From the moment a human built the first machine, there was a need to “communicate” with it. As more complex machines were built, the need for more sophisticated communication methods arose. Today, as personal devices become more pervasive, and the use of information and other online services become ubiquitous, human-machine communication often becomes more direct and even “personal”. In the past, humans communicated with more primitive machines by touch, later by characters and then with speech and even visual means.

The ability of Artificial Intelligence to learn from interactions with humans gives machines the ability to improve their “conversational” capabilities by better understanding the meaning of what a human types or says and by providing more pertinent responses. If properly trained, machines can also learn to understand additional or hidden meanings of a sentence by analysing a human’s text, speech, or gestures. Machines can also be made to develop and rely on “internal statuses” comparable to those driving the attitudes of conversing humans. Thus, they can provide responses – in text, speech, and gestures – that are more human-like and richer in content.

Technical Specification: Multimodal Conversation (MPAI-MMC) V2 has been developed by MPAI – Moving Picture, Audio, and Data Coding by Artificial Intelligence, the international, unaffiliated, non-profit organisation developing standards for Artificial Intelligence (AI)-based data coding with clear Intellectual Property Rights licensing frameworks in compliance with the rigorous MPAI Process [16] in pursuit of the following policies:

  1. Be friendly to the AI context but, to the extent possible, agnostic to the technology – AI or Data Processing – used in an implementation.
  2. Be attractive to different industries, end users, and regulators.
  3. Address three levels of standardisation any of which an implementer can freely decide to adopt:
    1. Data types, i.e., the data exchanged by systems.
    2. Components (called AI Modules – AIM).
    3. Connections of components (called AI Workflows – AIW).
  4. Specify the data exchanged by components with a semantic that is clear to the extent possible.

Technical Specification: AI Framework (MPAI-AIF) V2 [2] enables dynamic configuration, initialisation, and control of AIWs in a standard environment called AI Framework (AIF).
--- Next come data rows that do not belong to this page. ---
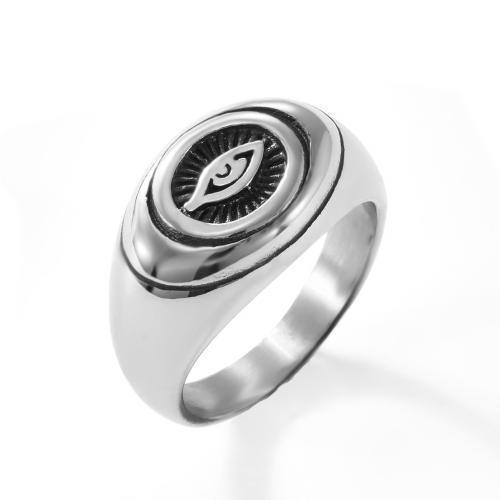 Rozsdamentes acél Finger Ring, 304 rozsdamentes acél, csiszolt, divat ékszerek & különböző méretű a választás & az ember, az eredeti szín, Által értékesített PC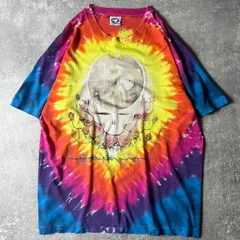 雰囲気系 90s USA製 Grateful Dead タイダイ 両面 スカル プリント 半袖 Tシャツ XL / 90年代 バンド バンT グレイトフルデッド リキッドブルー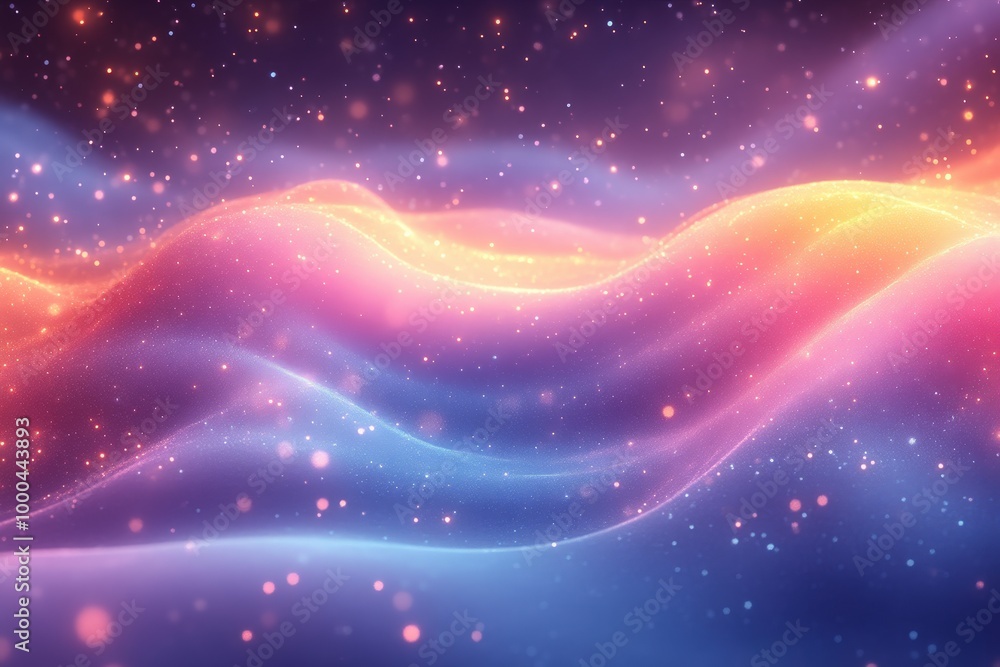 Obraz premium Waves Of Glowing Pink And Orange Particles In A Cosmic Landscape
Figure 1 depicts the AI Framework.

Figure 1 – The AI Framework (MPAI-AIF) V2 Reference Model

AIWs and AIMs have standard interfaces. AIMs can execute data processing or Artificial Intelligence algorithms and can be implemented in hardware, software, or hybrid hardware/software. AI Module can be Composite if they include connected AI Modules.

The MPAI-AIF-specified AIF environment enables the secure execution of AIWs constituted by AIMs. Thus, users can have machines implementing AIMs whose internal operation they understand to some degree, rather than machines that are just “black boxes” resulting from unknown training with unknown data. AIM developers can provide components with standard interfaces that can have improved performance compared to other implementations.

An AIW and its AIMs may have 3 interoperability levels any of which implementers can freely adopt:

  1. Level 1 – Implementer-specific and satisfying the MPAI-AIF Standard.
  2. Level 2 – Specified by an MPAI Application Standard.
  3. Level 3 – Specified by an MPAI Application Standard and certified by a Performance Assessor.

As manager of the MPAI Ecosystem specified by Governance of MPAI Ecosystem (MPAI-GME) [1], MPAI ensures that a user can:

  1. Operate a reference implementation of the Technical Specification, by providing a Reference Software Specification with annexed software.
  2. Test the conformance of an implementation with the Technical Specification, by providing Conformance Testing Specification.
  3. Assess the performance of an implementation of a Technical Specification, by providing the Performance Assessment Specification.
  4. Get conforming implementations possibly with a performance assessment report from a trusted source through the MPAI Store.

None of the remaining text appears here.